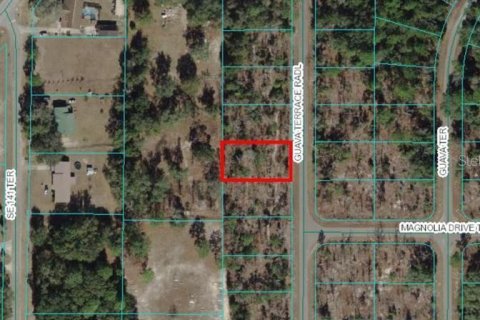 Terreno en Ocklawaha, Florida № 2203068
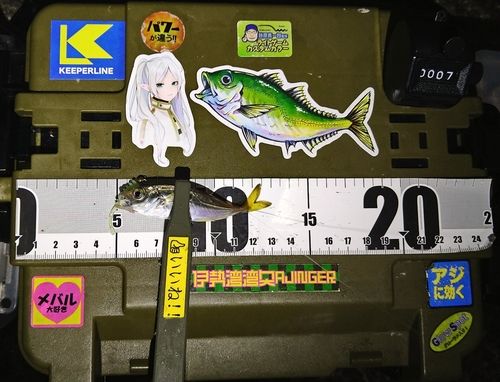 マアジの釣果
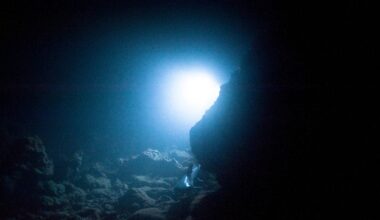 New Predator Emerges From the Deepest, Darkest Part of the Ocean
* * * * * * * * *
• [EXERCISE DESCRIPTION] What you return should be the full listing, unchanged, minus the pictures.

• [YOUR SOLUTION]
 Terreno en Ocklawaha, Florida № 2203068
 マアジの釣果
 New Predator Emerges From the Deepest, Darkest Part of the Ocean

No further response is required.